**INPUT DATA**
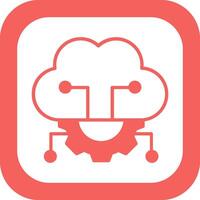 Cloud Server Settings Vector Icon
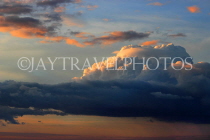CAMBODIA, Tonle Sap Lake, sunset view, near Mechrey Floating Village, CAM906JPL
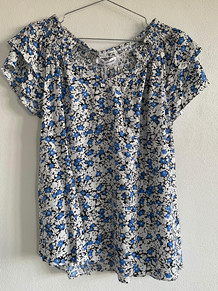 CO' COUTURE TOP, SUNRISE ROYAL FLOWER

**YOUR OBJECTIVE**
Full copy, no pictures: write out each line of the data exactly as it stands.

**PROBLEM SOLUTION**
 Cloud Server Settings Vector Icon
CAMBODIA, Tonle Sap Lake, sunset view, near Mechrey Floating Village, CAM906JPL
 CO' COUTURE TOP, SUNRISE ROYAL FLOWER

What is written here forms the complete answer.